- [To do] Word for word, restate the lines of the listing below from the line with "Mayhem Tank Assualt" through the line with "German SA Leistungsbuch 1934", and do not include the pictures.

- [Input for this task]
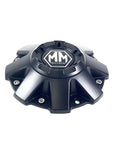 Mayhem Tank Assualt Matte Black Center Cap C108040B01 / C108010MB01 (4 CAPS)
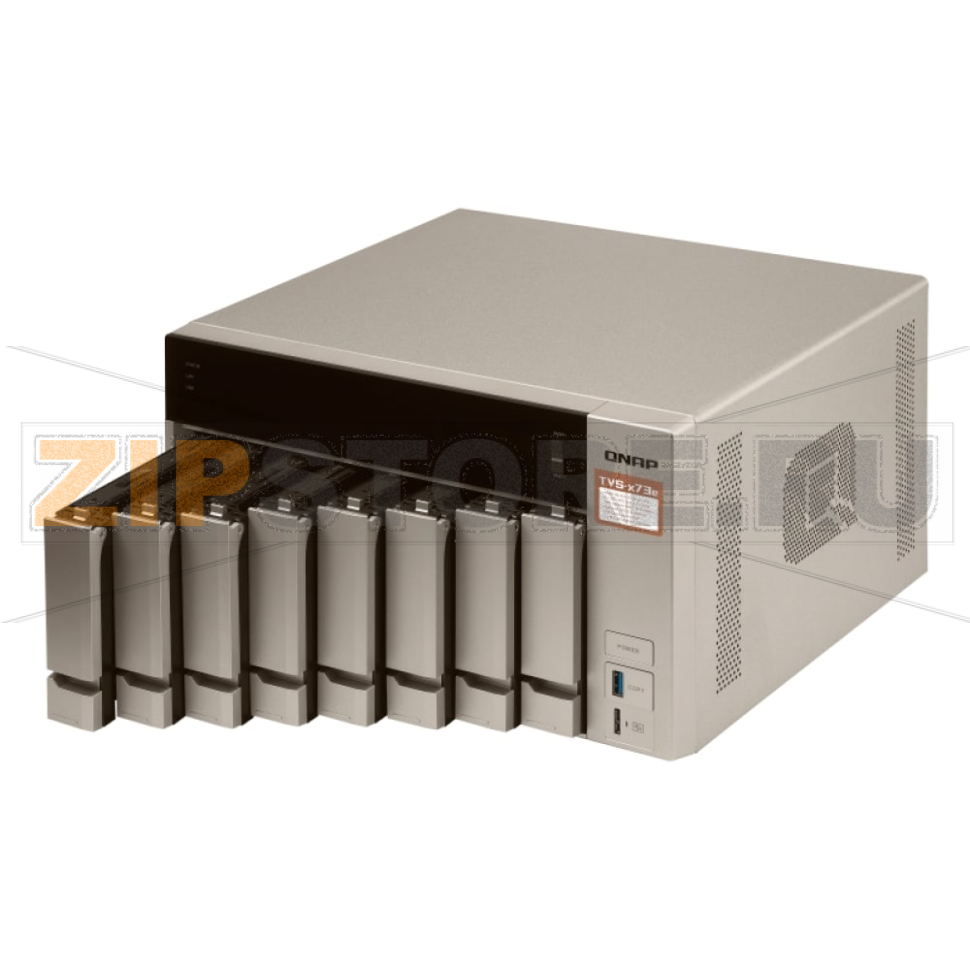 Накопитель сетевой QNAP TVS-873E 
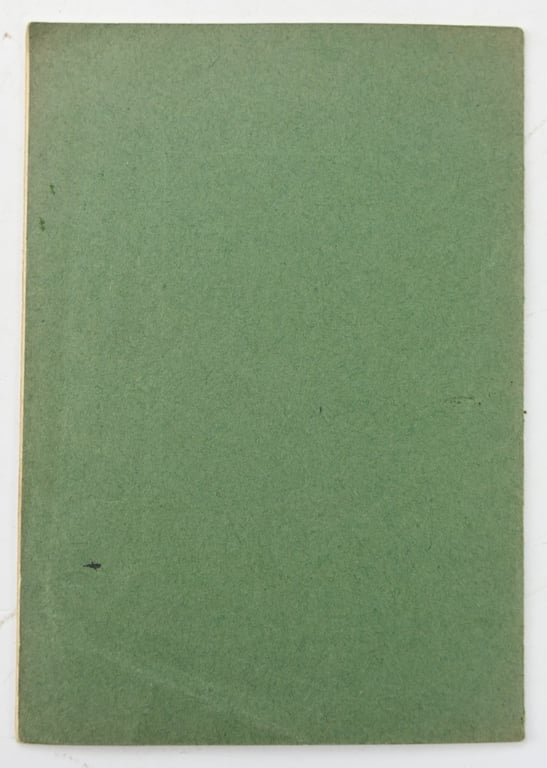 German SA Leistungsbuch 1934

* * *

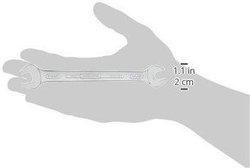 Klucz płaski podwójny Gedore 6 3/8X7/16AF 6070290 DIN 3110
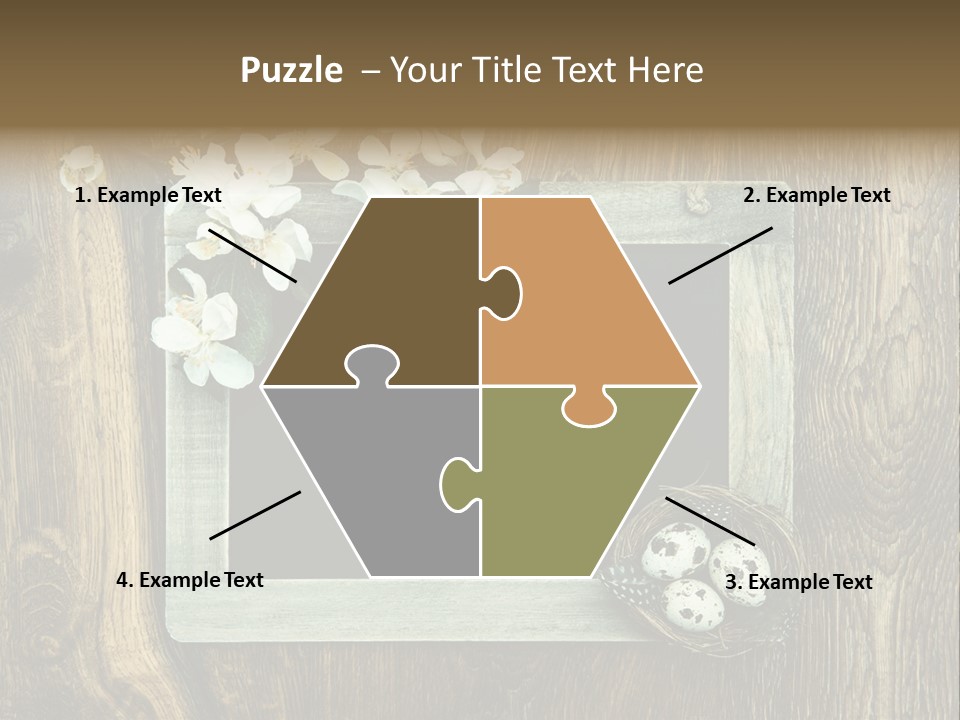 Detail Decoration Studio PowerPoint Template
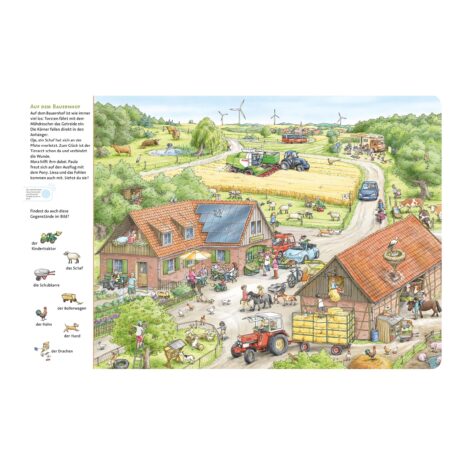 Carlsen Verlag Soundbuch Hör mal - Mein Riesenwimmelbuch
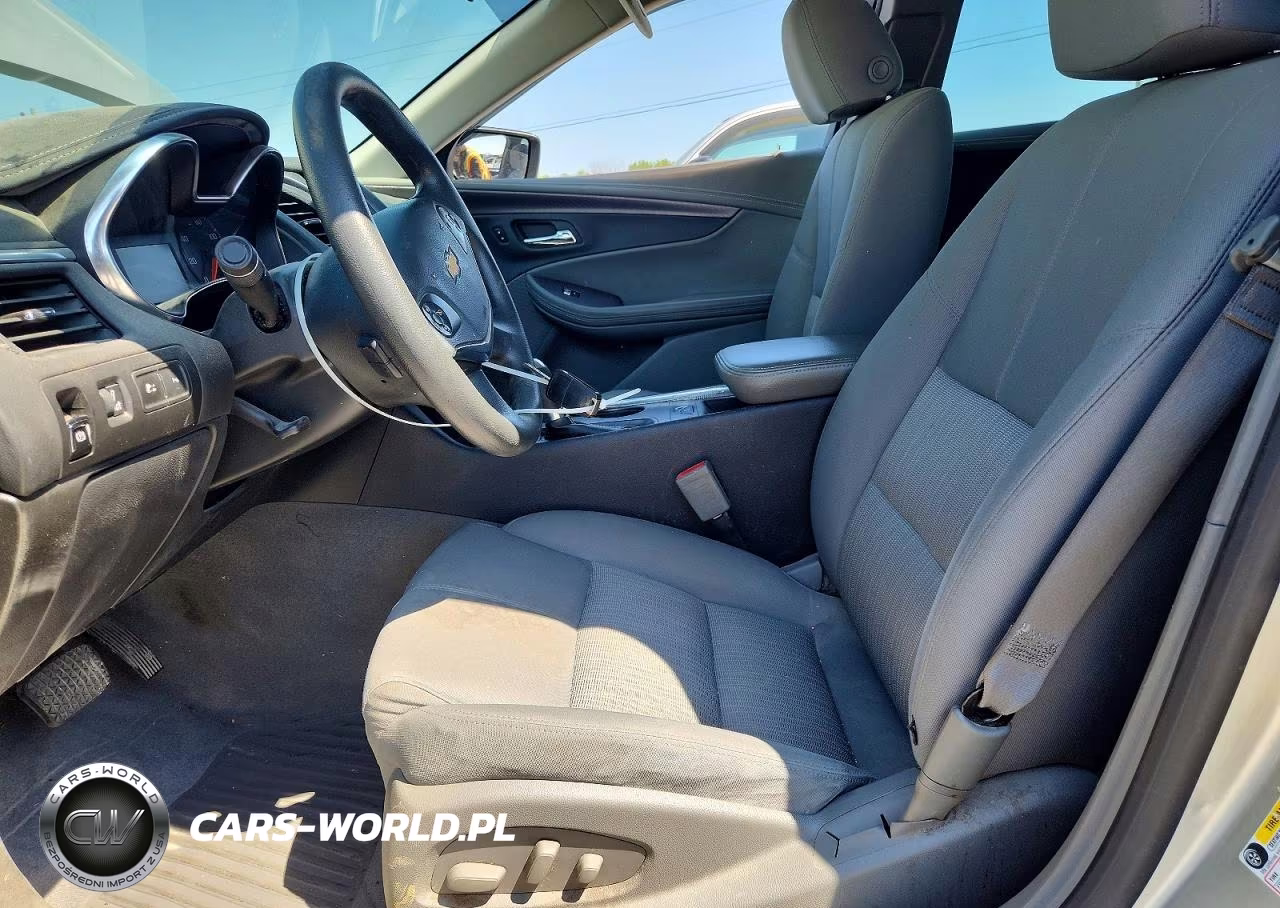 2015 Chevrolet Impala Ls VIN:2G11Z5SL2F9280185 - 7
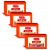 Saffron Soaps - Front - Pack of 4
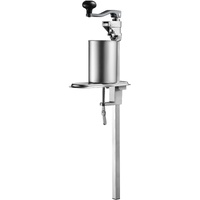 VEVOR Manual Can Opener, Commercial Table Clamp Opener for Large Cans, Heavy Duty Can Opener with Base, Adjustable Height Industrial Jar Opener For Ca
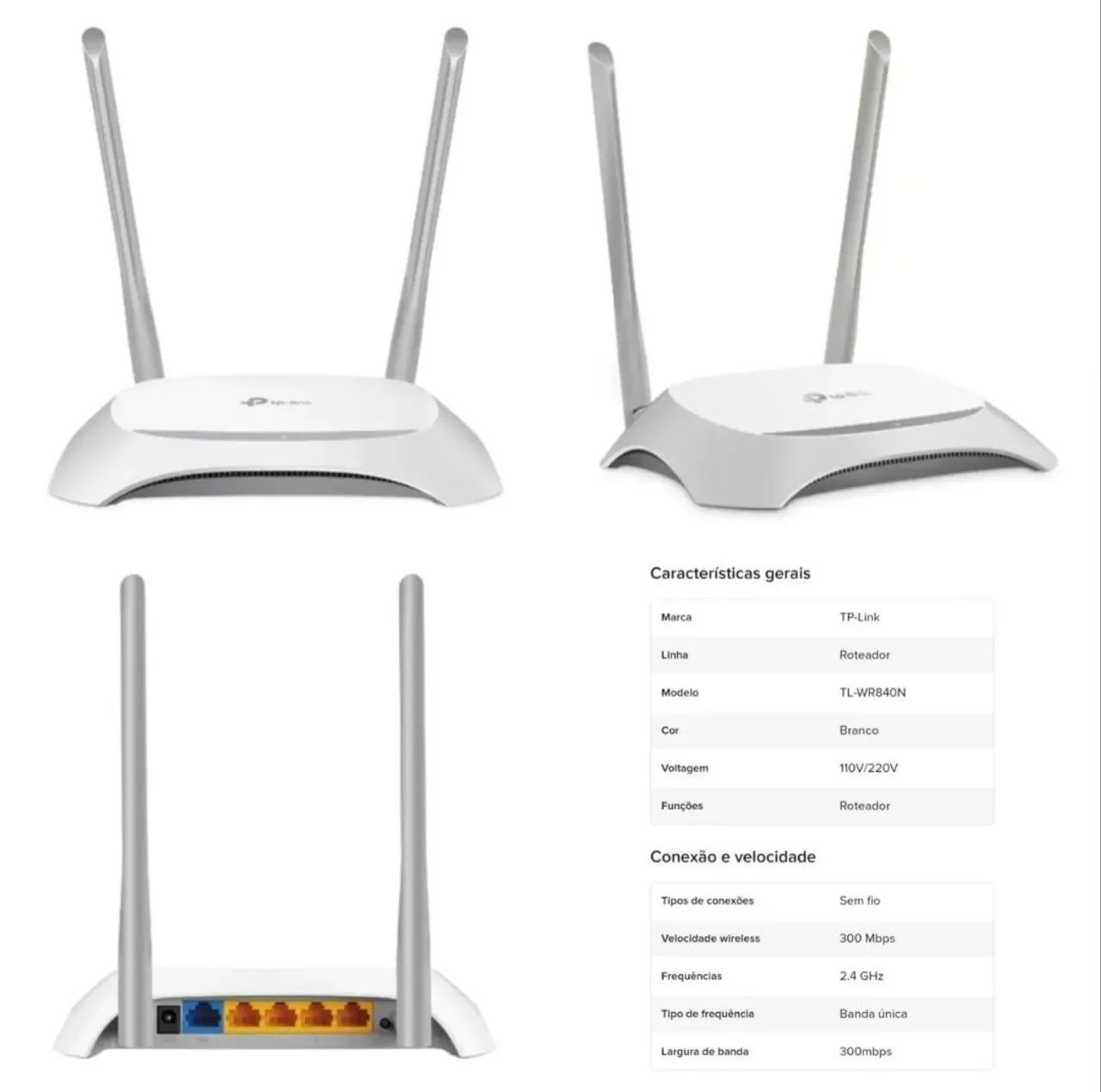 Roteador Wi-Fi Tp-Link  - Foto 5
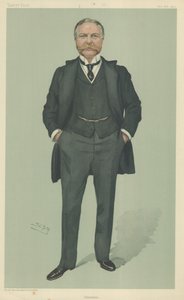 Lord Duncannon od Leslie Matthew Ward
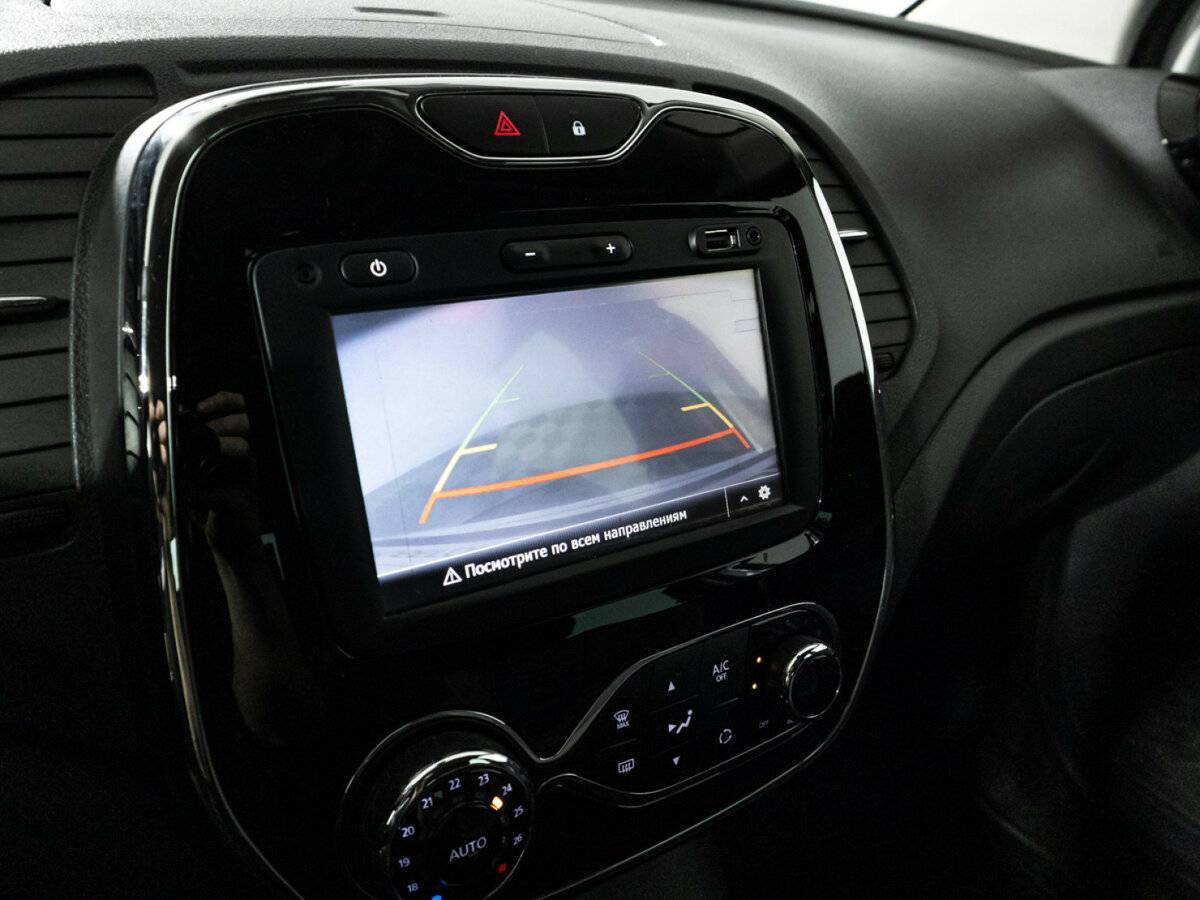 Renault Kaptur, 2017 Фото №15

- [Result below]
 Mayhem Tank Assualt Matte Black Center Cap C108040B01 / C108010MB01 (4 CAPS)
 Накопитель сетевой QNAP TVS-873E 
 German SA Leistungsbuch 1934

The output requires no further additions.